■ Records from a collection
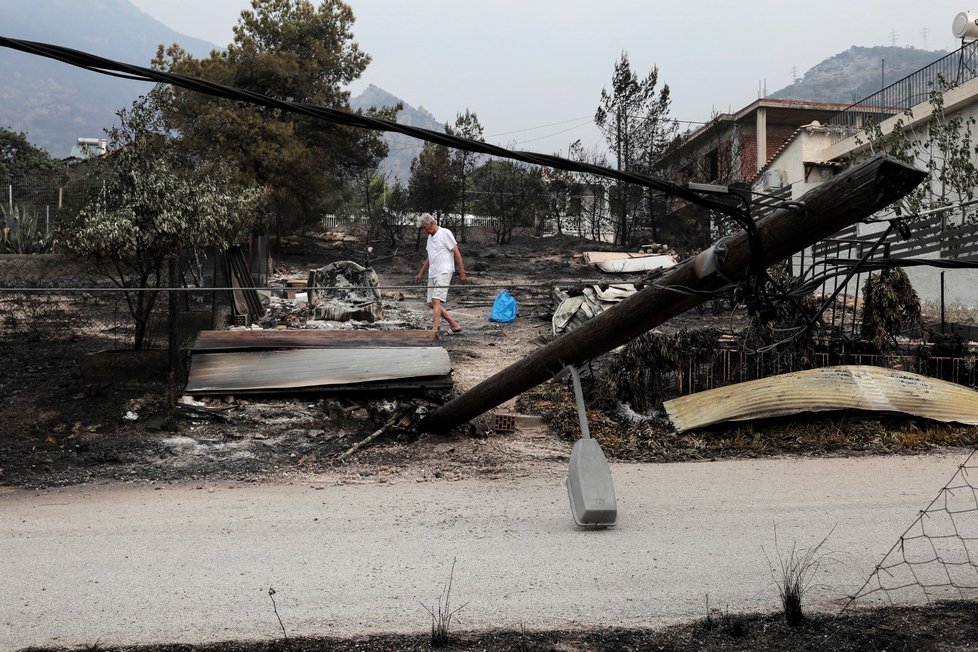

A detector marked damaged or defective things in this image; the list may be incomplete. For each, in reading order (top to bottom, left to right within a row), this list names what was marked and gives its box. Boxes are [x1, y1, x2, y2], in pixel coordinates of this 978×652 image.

burnt wooden plank [192, 328, 434, 348]
rusted metal sheet [192, 332, 434, 352]
burnt wooden plank [184, 346, 450, 392]
rusted metal sheet [185, 348, 452, 394]
rusted metal sheet [664, 366, 978, 432]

■ Exercise goal
Every entry must be retyped exactly, with the pictures removed.

■ Exercise answer
A detector marked damaged or defective things in this image; the list may be incomplete. For each, in reading order (top to bottom, left to right within a row), this list names what was marked and gives its box. Boxes are [x1, y1, x2, y2], in pixel coordinates of this 978×652 image.

burnt wooden plank [192, 328, 434, 348]
rusted metal sheet [192, 332, 434, 352]
burnt wooden plank [184, 346, 450, 392]
rusted metal sheet [185, 348, 452, 394]
rusted metal sheet [664, 366, 978, 432]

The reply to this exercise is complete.